Patients usually seek to consult in the later stages of the disease because of the fast progression of the lymphoma. Their complaints may present as either of the following:

  • Low-grade fever that occurs during the evening
  • Losing weight more than 10 % of the usual body weight
  • Lumps and bumps on any part of the body (usually found under the chin, the armpits and the area in between the abdomen and the thigh)
  • Unusual reaction to insect bites (some patients report pus formation on the area of the bite while some experience the appearance of wheal that takes a long time to resolve).

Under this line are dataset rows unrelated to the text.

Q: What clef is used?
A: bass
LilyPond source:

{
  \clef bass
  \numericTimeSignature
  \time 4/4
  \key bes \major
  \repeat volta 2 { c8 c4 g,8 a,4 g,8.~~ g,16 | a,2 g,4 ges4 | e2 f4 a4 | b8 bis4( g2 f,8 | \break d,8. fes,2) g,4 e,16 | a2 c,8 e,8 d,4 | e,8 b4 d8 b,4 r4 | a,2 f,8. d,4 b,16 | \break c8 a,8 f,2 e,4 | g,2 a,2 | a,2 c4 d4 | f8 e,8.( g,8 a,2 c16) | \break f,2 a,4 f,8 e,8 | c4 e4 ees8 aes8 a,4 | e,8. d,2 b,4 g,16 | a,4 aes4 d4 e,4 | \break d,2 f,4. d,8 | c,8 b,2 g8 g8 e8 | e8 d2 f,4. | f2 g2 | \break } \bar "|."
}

  • Lymph node biopsy with the identification of surface markers for B cells
  • Immunohistochemical testing for the presence of overproduction of Cyclin D1 protein
  • Complete blood counts
  • Imaging scans of the whole body, computed tomography scans on the area where the nodes are palpated and other adjacent areas
  • Bone marrow aspiration and biopsy – to identify the presence of predominant cells
  • Quantitative testing for Lactate dehydrogenase and Beta 2 microglobulin levels
  • Detection of prognostic markers such as Ki-67 serves as a gauge for the replication potential of the malignant cells


Options for treatment depends mostly on the behavior of the lymphoma: 

  • Slow growing lymphomas are closely monitored and observed. The patient is advised to adhere to their scheduled clinic visits, and diagnostic imaging tests are done regularly. Treatment is initiated when there is a note of the progression of the size of the node as compared to the baseline
  • Chemotherapy using the following drugs: Bortezomib, Rituxan, Cyclophosphamide, Adriamycin and prednisone.